What is expected:
In the listing that follows, print every line exactly and leave the images out.

Data:
━━━━━━━━━━

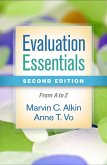 Evaluation Essentials (eBook, ePUB)
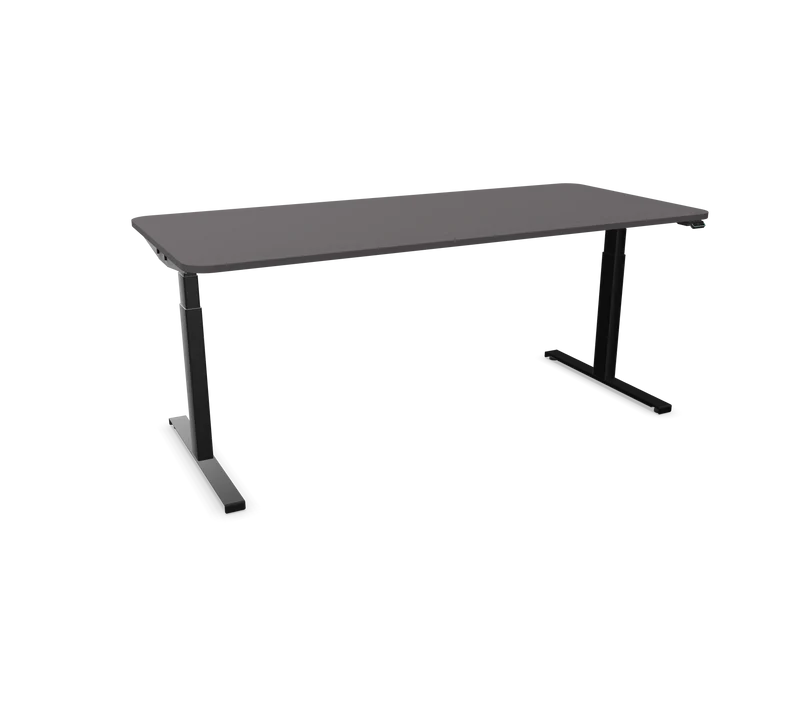 Hali Standing Desk S32 Black
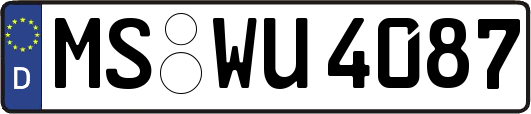 MS-WU4087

━━━━━━━━━━

Written answer:
 Evaluation Essentials (eBook, ePUB)
 Hali Standing Desk S32 Black
 MS-WU4087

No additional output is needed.